Se ele sai numa pequena vertente, aquela vertente é um pequeno afluente de uma pequena vertente que vai dar num afluente maior. Então você vai seguindo aquele afluente maior, que vai dar num afluente maior, até que vai dar na beira de um rio. Geralmente, na beira de um rio sempre mora alguém, passa alguma embarcação. Você sai na beira de um rio e automaticamente já está fora do perigo de estar perdido.

E assim são muitas as orientações do caboclo que está dentro da floresta. Tem uma época do ano que tem uma estrela no céu que a gente chama de Lupunamanta. No Nordeste, tem pescador na beira de algum rio, tem caboclo que se você perguntar que estrela é essa ele vai dizer:
- É a Estrela da Madrugada.
É aquela estrela que mantém o sereno. Tem região, como no Acre, a região no deserto onde ela está mais viva. Onde não chove, então a chuva ali é o sereno. Chega a molhar o chão, molhar tudo. É uma espécie de orvalho. Molha a terra.
Tem região em que pouco chove, mas está sempre caindo nuvem e sempre está serenando. Cai mais orvalho que em qualquer lugar da terra. Tem a impressão de que não chove lá. O movimento que as estrelas e os planetas fazem sobre a terra, é muito mais interessante. Já na Amazônia, fica mais difícil porque tem muita floresta, muita coisa para a situação do caboclo.

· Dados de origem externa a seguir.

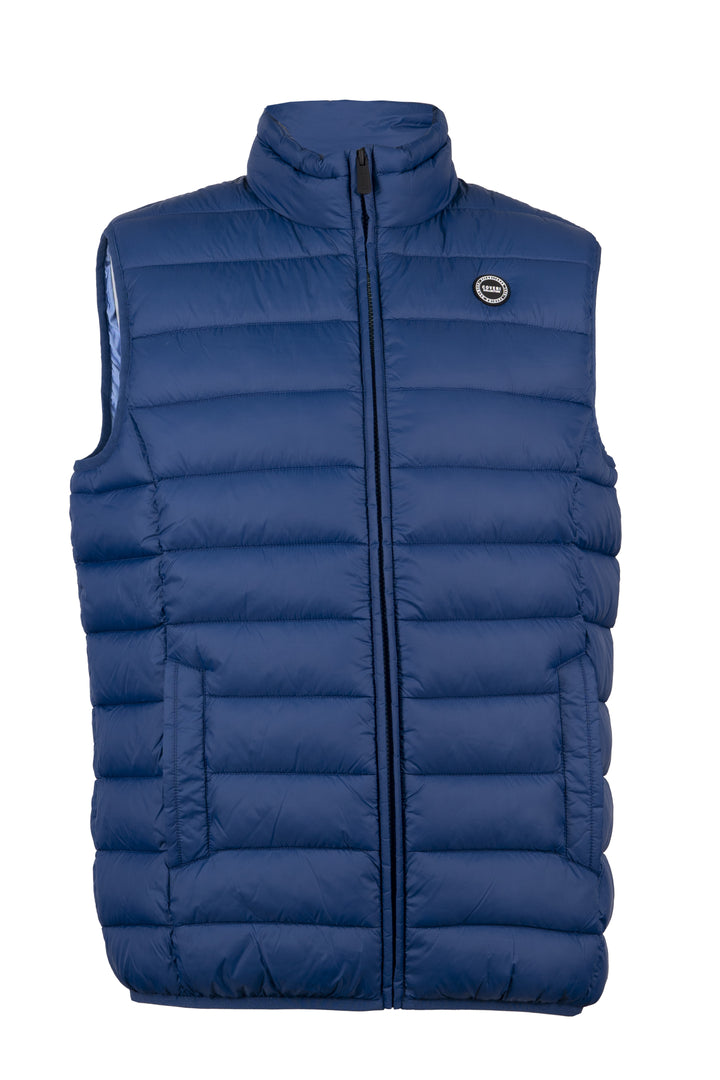 Gilet 100gr smanicato con interno in cotone Oxford celeste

Tem gente que diz que é cientista.
- É? Deixa teus instrumentos e vamos andar dentro da floresta para ver se tu é bom mesmo. Aí pega um caboclo daqueles que nunca viu na vida, que chama de mateiro. Ele passa 15 dias viajando dentro da floresta e, no dia em que ele sai, ele deixa o chapéu num canto. Ele não corta um galho de pau. Uma vez eu vi um caboclo andando na floresta, ele pega um árvore, e torce ela por cima e vira ela para a posição traseira. Por que faz isso? Quando ele volta, ele sabe que aquela árvore está mostrando o lugar de onde ele saiu. Mas ele não faz um pique, fazendo uma estrada, uma trilha.

Ele acha que se sai cortando árvore dentro da floresta, já está devastando a natureza. Já está cortando o que não deve cortar. Ele torce o galho hoje e vira para a parte de baixo. Aí ele faz uma curvatura e sobe de novo. Aí, você já sabe que por ali passou alguém um dia. É uma coisa misteriosa.